3.4 Explanation of the rationale for estimated mortality risk in severe cases
For the mortality risk assessment of COVID-19, a machine-learning model based on blood markers was proposed in Nature Machine Intelligence (NMI) 2020 [25]. This model was built using samples immediately prior to death or discharge, and lactate dehydrogenase (LDH), lymphocytes, and CRP were identified as key features. Mortality risk assessment using a decision tree based on these three features has been proposed in the study to facilitate clinical application (Fig. 4a). After about 10 days of hospitalization, the RSF and NMI models showed equivalent performance as measured by accuracy and F1-score. However, immediately following hospitalization, the RSF model outperformed the NMI model, indicating its superiority in early prognostic prediction (Fig. 4b and 4c).

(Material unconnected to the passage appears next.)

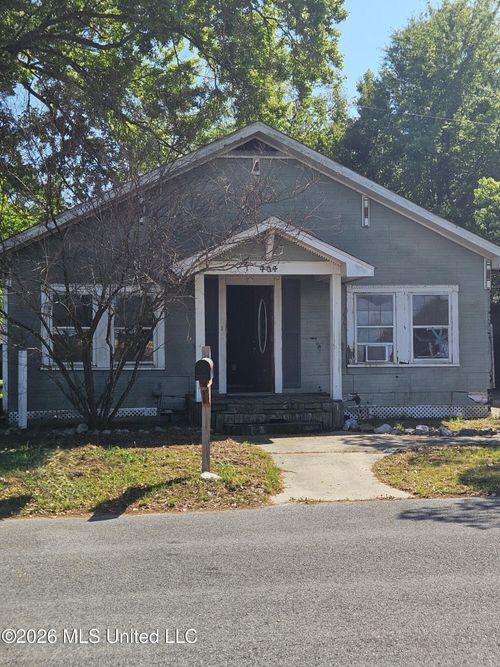 404 Convent Ave, Pascagoula, MS, 39567-4101 | Card Image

To examine the factors contributing to mortality risk over time, we calculated SurvSHAP(t) daily for the severe cases included in the validation dataset. The patients and times had different combinations of factors associated with CHF changes (Fig. 4d). For example, in young patients #2 and #6, saturation of peripheral oxygen (SpO2) was associated with an increase in CHF immediately after admission. However, the contribution of SpO2 decreased with the application of ECMO/invasive ventilation. In contrast, in patients #3 and #4, who were elderly and not eligible for ECMO/invasive ventilation, the contribution of SpO2 was higher >10 days after hospitalization. β-D-glucan had a higher contribution 1–2 weeks before death than at any other time in patients #3, #4, and #6. Platelets showed a high contribution in patients #4 and #6, and BMI also contributed to the mortality risk in these patients. Of note, in patient #4, BMI was measured for the first time on day 7, so there was a rapid increase in the contribution of BMI on day 7. Ca and blood amylase levels were elevated immediately before death, suggesting electrolyte abnormalities and multi-organ failure. CRP, which is also a major predictor of mortality at initial diagnosis, contributed immediately after hospitalization.